▶ WHAT NEEDS TO BE DONE: Retype the entries exactly; omit all pictures.

START EXERCISE MATERIAL

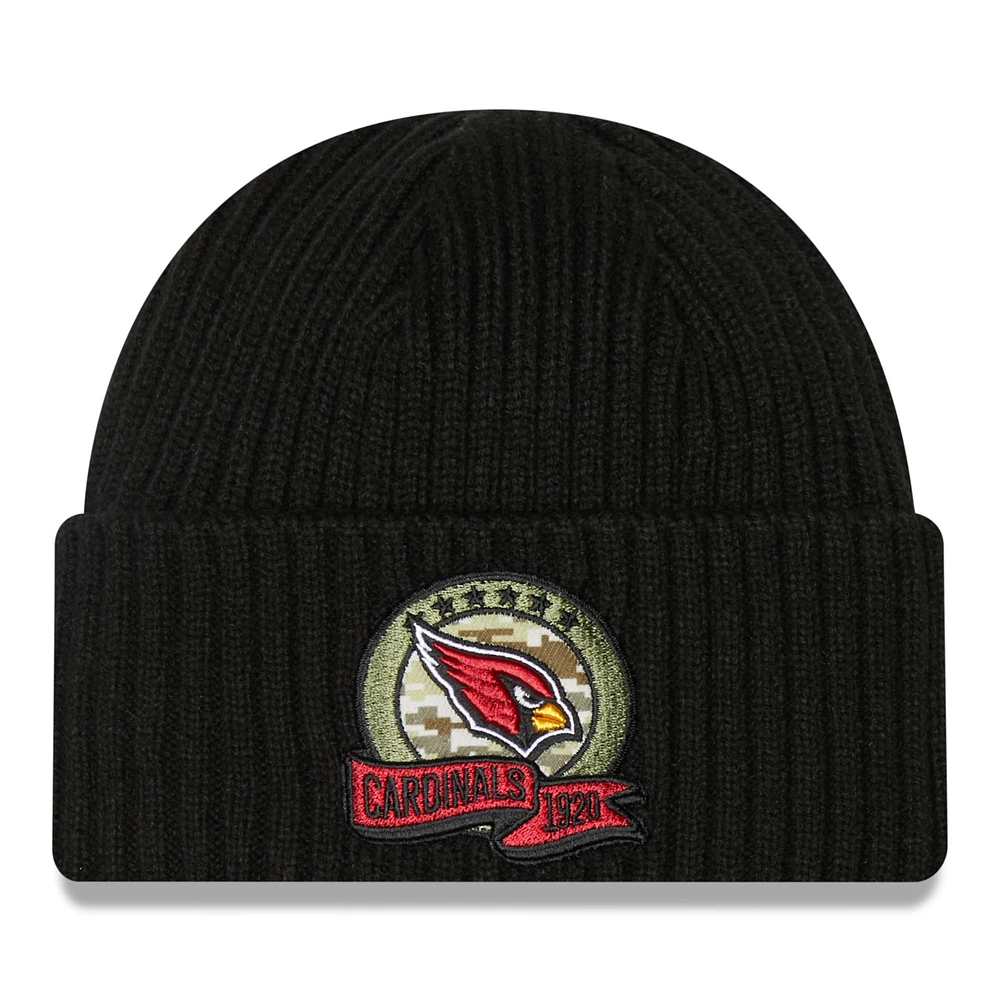 Men's New Era Black Arizona Cardinals 2022 Salute To Service Knit Hat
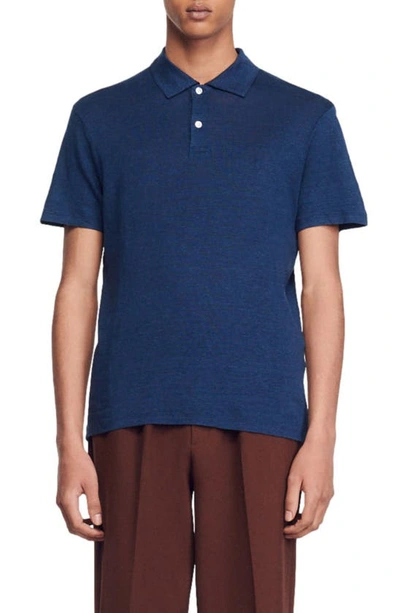 Sandro Beach Linen Polo In Bleus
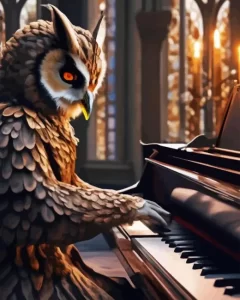 Owl Playing Piano Diamond Painting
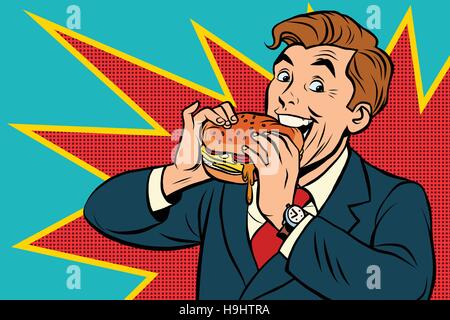 Pop art man eating a Burger Stock Vector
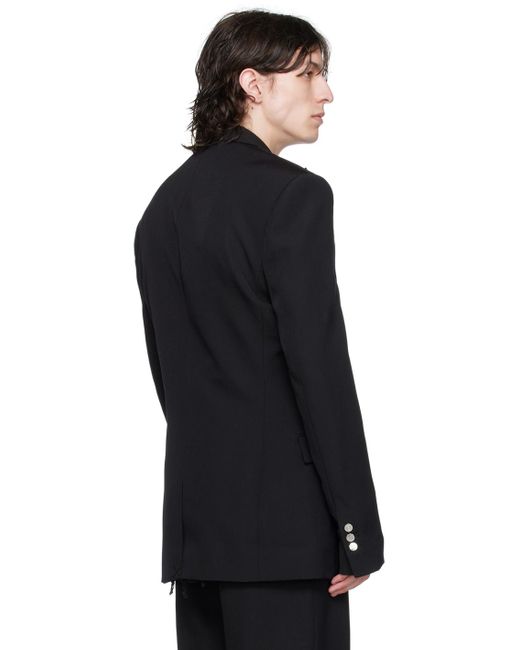 Balmain Black Sleek Single-Breasted Wool Blazer for men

END EXERCISE MATERIAL

▶ EXPECTED OUTPUT:
 Men's New Era Black Arizona Cardinals 2022 Salute To Service Knit Hat
 Sandro Beach Linen Polo In Bleus
 Owl Playing Piano Diamond Painting
 Pop art man eating a Burger Stock Vector
 Balmain Black Sleek Single-Breasted Wool Blazer for men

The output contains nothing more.